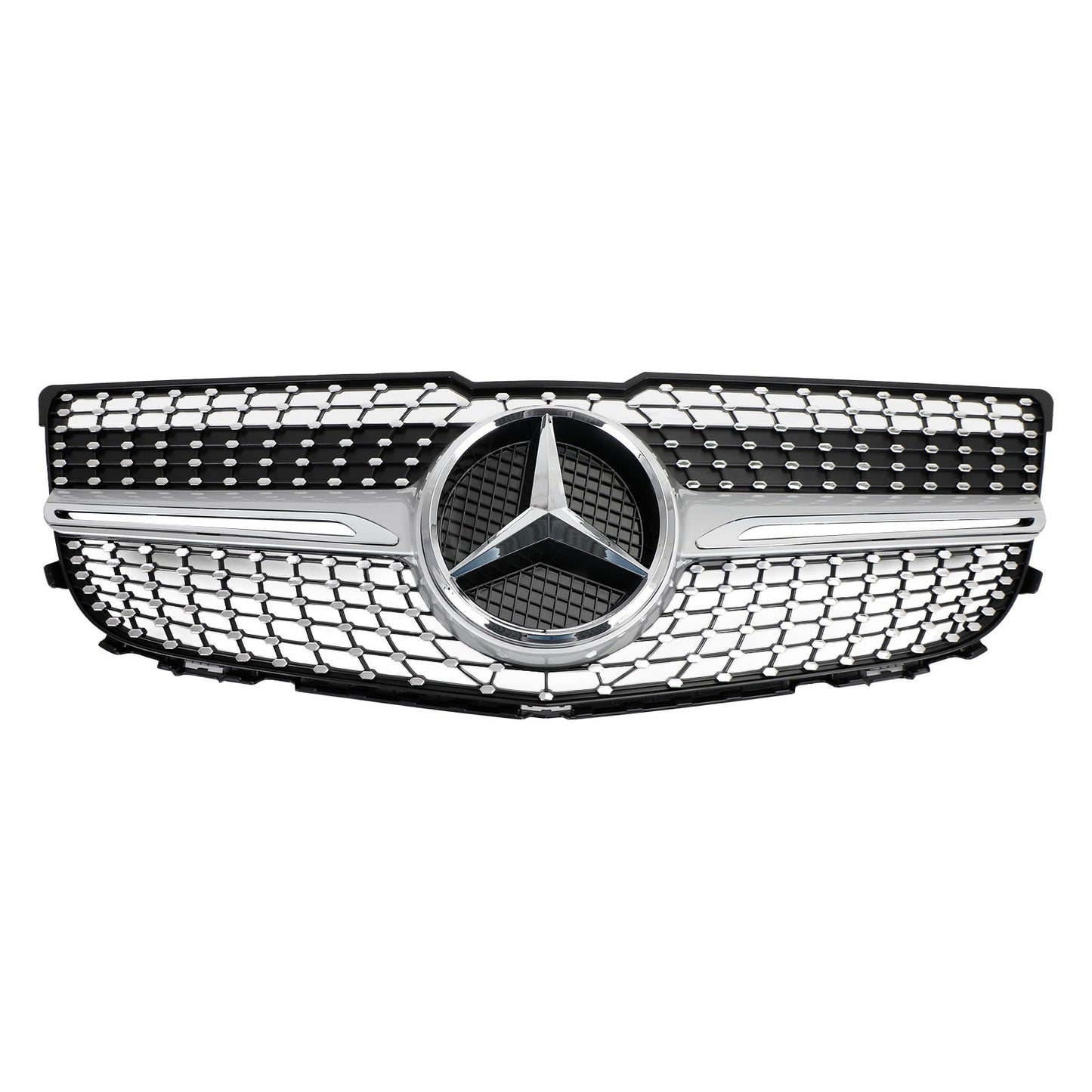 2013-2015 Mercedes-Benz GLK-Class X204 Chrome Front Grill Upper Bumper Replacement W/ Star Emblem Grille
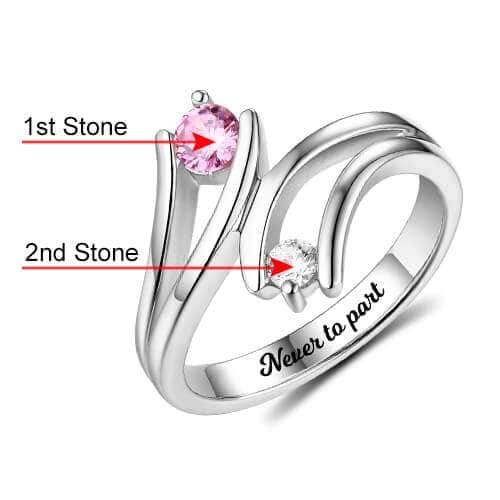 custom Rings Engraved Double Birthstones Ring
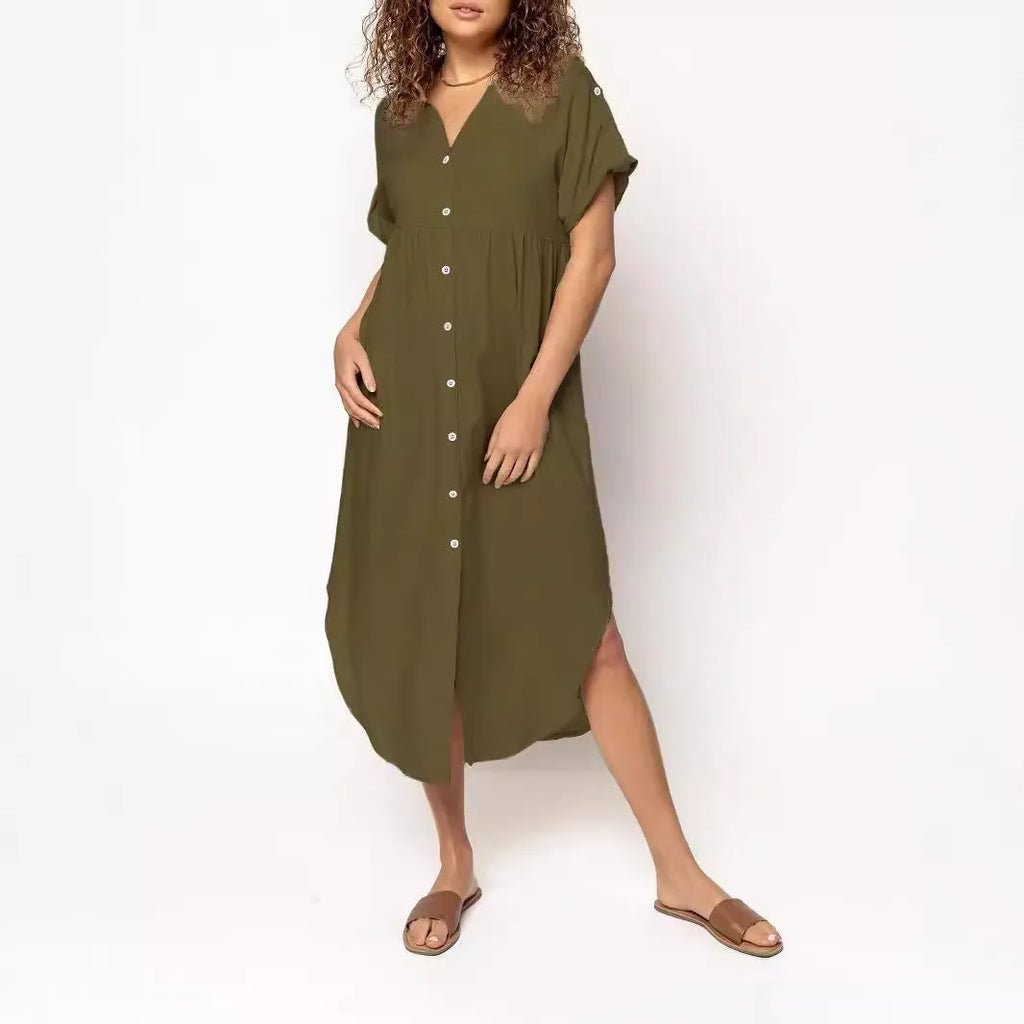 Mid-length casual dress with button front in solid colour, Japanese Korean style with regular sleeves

● ● ● ● ● ● ●

Problem statement - Each line above should be set down exactly as written, with pictures excluded.

Answer box -
 2013-2015 Mercedes-Benz GLK-Class X204 Chrome Front Grill Upper Bumper Replacement W/ Star Emblem Grille
 custom Rings Engraved Double Birthstones Ring
 Mid-length casual dress with button front in solid colour, Japanese Korean style with regular sleeves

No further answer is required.